[[ Material provided open ]]

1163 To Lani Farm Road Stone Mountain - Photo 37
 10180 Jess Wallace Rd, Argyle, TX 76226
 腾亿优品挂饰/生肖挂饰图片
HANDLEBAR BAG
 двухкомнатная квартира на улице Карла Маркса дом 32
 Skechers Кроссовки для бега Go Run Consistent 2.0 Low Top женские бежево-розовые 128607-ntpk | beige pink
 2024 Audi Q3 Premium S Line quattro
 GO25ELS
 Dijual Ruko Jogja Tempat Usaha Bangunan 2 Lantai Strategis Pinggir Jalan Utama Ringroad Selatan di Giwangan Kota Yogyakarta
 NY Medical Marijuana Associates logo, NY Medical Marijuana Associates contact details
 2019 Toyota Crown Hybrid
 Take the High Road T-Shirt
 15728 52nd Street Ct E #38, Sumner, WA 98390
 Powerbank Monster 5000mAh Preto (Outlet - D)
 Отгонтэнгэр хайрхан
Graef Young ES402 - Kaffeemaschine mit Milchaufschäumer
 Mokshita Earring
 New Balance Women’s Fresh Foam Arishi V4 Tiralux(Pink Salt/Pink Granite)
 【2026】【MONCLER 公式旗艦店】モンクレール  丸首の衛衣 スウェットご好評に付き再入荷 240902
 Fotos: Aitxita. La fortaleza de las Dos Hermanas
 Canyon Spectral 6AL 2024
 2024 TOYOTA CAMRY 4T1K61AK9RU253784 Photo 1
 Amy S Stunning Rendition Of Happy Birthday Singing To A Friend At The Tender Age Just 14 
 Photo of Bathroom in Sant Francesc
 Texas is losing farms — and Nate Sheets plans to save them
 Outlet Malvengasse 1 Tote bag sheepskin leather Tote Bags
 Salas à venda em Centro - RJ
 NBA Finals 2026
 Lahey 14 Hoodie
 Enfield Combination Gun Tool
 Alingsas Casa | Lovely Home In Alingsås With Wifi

[[ Material provided closed ]]

Task directions:
Please make an exact copy of each record.

Exercise result:
1163 To Lani Farm Road Stone Mountain - Photo 37
 10180 Jess Wallace Rd, Argyle, TX 76226
 腾亿优品挂饰/生肖挂饰图片
HANDLEBAR BAG
 двухкомнатная квартира на улице Карла Маркса дом 32
 Skechers Кроссовки для бега Go Run Consistent 2.0 Low Top женские бежево-розовые 128607-ntpk | beige pink
 2024 Audi Q3 Premium S Line quattro
 GO25ELS
 Dijual Ruko Jogja Tempat Usaha Bangunan 2 Lantai Strategis Pinggir Jalan Utama Ringroad Selatan di Giwangan Kota Yogyakarta
 NY Medical Marijuana Associates logo, NY Medical Marijuana Associates contact details
 2019 Toyota Crown Hybrid
 Take the High Road T-Shirt
 15728 52nd Street Ct E #38, Sumner, WA 98390
 Powerbank Monster 5000mAh Preto (Outlet - D)
 Отгонтэнгэр хайрхан
Graef Young ES402 - Kaffeemaschine mit Milchaufschäumer
 Mokshita Earring
 New Balance Women’s Fresh Foam Arishi V4 Tiralux(Pink Salt/Pink Granite)
 【2026】【MONCLER 公式旗艦店】モンクレール  丸首の衛衣 スウェットご好評に付き再入荷 240902
 Fotos: Aitxita. La fortaleza de las Dos Hermanas
 Canyon Spectral 6AL 2024
 2024 TOYOTA CAMRY 4T1K61AK9RU253784 Photo 1
 Amy S Stunning Rendition Of Happy Birthday Singing To A Friend At The Tender Age Just 14 
 Photo of Bathroom in Sant Francesc
 Texas is losing farms — and Nate Sheets plans to save them
 Outlet Malvengasse 1 Tote bag sheepskin leather Tote Bags
 Salas à venda em Centro - RJ
 NBA Finals 2026
 Lahey 14 Hoodie
 Enfield Combination Gun Tool
 Alingsas Casa | Lovely Home In Alingsås With Wifi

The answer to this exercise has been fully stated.